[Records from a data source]
:::
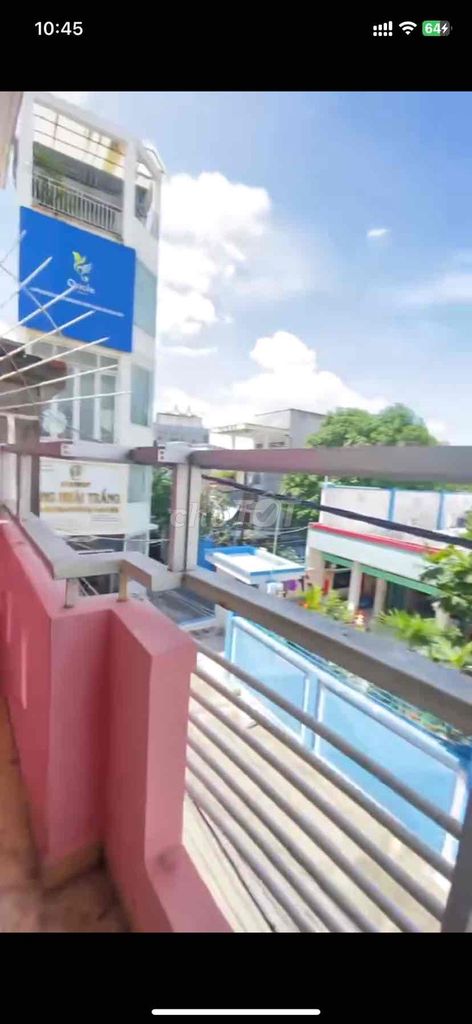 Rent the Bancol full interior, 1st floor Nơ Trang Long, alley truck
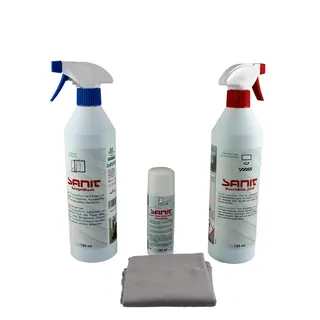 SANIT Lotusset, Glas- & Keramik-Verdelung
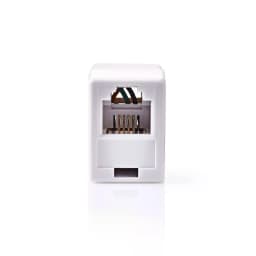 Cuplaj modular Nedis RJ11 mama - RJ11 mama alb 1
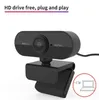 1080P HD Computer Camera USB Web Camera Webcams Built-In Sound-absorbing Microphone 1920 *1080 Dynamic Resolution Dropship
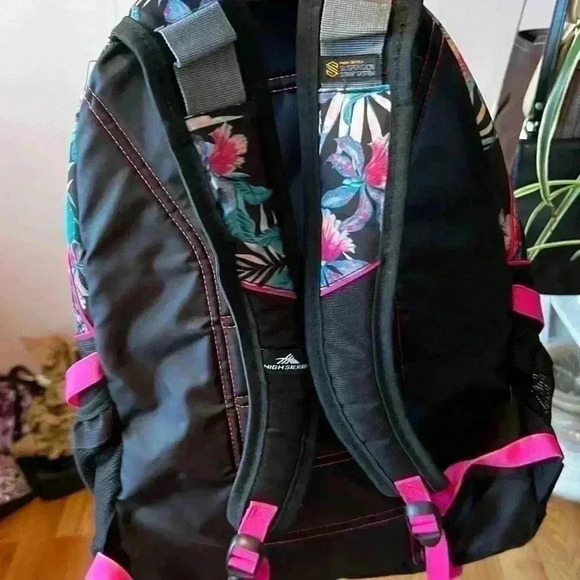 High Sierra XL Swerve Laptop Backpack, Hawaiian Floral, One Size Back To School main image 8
:::
**Exercise aim**
Please transcribe, word for word, every line from the one containing "Cuplaj modular Nedis" through the last line of the records, both included, and leave the pictures out.

**Expected output**
 Cuplaj modular Nedis RJ11 mama - RJ11 mama alb 1
 1080P HD Computer Camera USB Web Camera Webcams Built-In Sound-absorbing Microphone 1920 *1080 Dynamic Resolution Dropship
 High Sierra XL Swerve Laptop Backpack, Hawaiian Floral, One Size Back To School main image 8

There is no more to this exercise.